Thursday, May 10, 2012
Front Page and Page 7

Genealogy research helps return 1931 Batavia HS ring
By Diane Vance
Ledger staff writer

Fairfield's Richard Thompson used his experience and skills in genealogy research to reunite a 1931 class ring with the original owner's son.

The search started with an inquiry from Earl Hem in California. He'd found the class ring among his mother's possessions and last month decided to try to find the original owner's descendants and return the ring.

Engraved with the initials MLB inside, with the year 1931, the letter B on a shield on the outside and Batavia under it, Hem knew it was from Batavia High School.

"I was born on a farm between Eldon and Troy," said Hem. "I attended a one-room schoolhouse in Floris. My mom stayed living in the country with a Selma mailing address and did her banking in Libertyville. She's passed now.

"It's a mystery as to how she had the ring. She found it, but I don't remember if she told me where. And Glenn once asked his mother about it, but she didn't say."

Glenn is Paul Glenn Cremer of Ottumwa, in possession of the 1931 class ring as of a week ago.

"I knew the ring existed because my mother told me," said Cremer. "She passed away Sept. 4, 1996. She didn't tell me where it was or what had happened to it."

Hem, who served seven years in the Navy, then settled in southern California upon discharge, began his recent search to find the owner by calling Batavia City Hall. Someone there recommended calling Cardinal School District.

"A woman at the school district did what research she could, but the 1931 yearbook was not available. Then I connected with Fairfield Public Library and the genealogy society."

Thompson, a Fairfield resident since 1973 and genealogy researcher for Jefferson County, received Hem's April 21 correspondence to the library.
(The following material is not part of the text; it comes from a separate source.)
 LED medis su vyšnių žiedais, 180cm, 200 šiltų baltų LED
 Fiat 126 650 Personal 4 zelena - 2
"I didn't even know there had been a Batavia High School," said Thompson. "I began researching The Fairfield Ledger on microfiche at the library, hoping the Class of 1931 had its names published. Then I realized I could look at the Batavia News, and went through that instead. Interspersed through the copies of the Batavia News on the microfiche also were copies of Batavia High School's own newspaper, The Warrior. And the Class of 1931 was published in a May issue of The Warrior. A Mildred Brown was one of the 14 graduates that year."
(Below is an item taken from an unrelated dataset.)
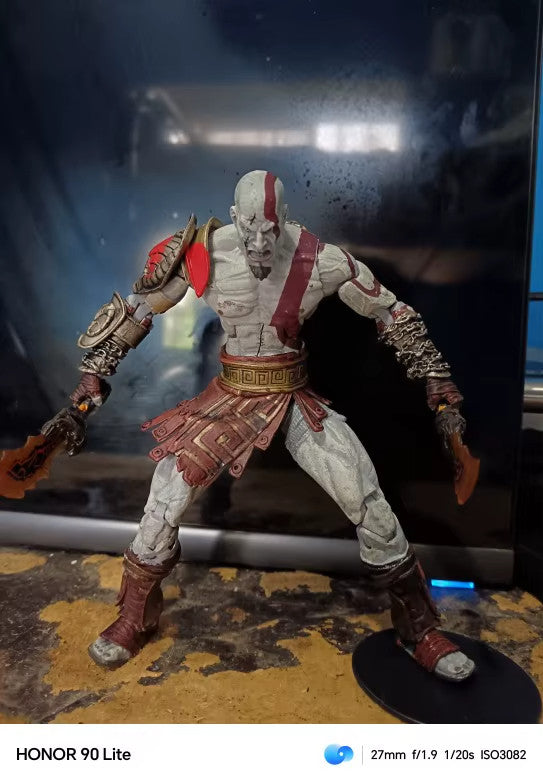 NECA God of War 3 Ultimate KRATOS Action Figure  ✅CON SCATOLA ORIGINALE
Thompson next turned to the library's family group sheets on file for tracing ancestry.

"It was sheer luck that I found a family sheet for a Brown family that lived in Batavia and had a daughter Mildred," he said. "The parents were also buried in Batavia, it noted, but there was little information about Mildred.

"Then I found her dad's obituary and it named a survivor as a daughter, Mildred Cremer in Agency. I went to the phone book, dialed the first Cremer listed and asked if they knew of a Mildred Cremer who had married Paul. This was a cousin, who told me Mildred's son, Paul Glenn, lived in Ottumwa."

Cremer contacted Hem in Spring Valley, Calif., and Hem mailed the ring to Ottumwa.

"Now, I have the ring to go with my mother's high school graduation picture," said Cremer. "I was very surprised to be contacted about the ring and learn someone had found it and traced it to me.

"It's nice to have, and I'll keep it now for my children."

Cremer, too, grew up on a farm 10 miles outside of Agency. He first attended Agency High School.

"I think we were the first class to graduate from Cardinal Community School in 1960," he said.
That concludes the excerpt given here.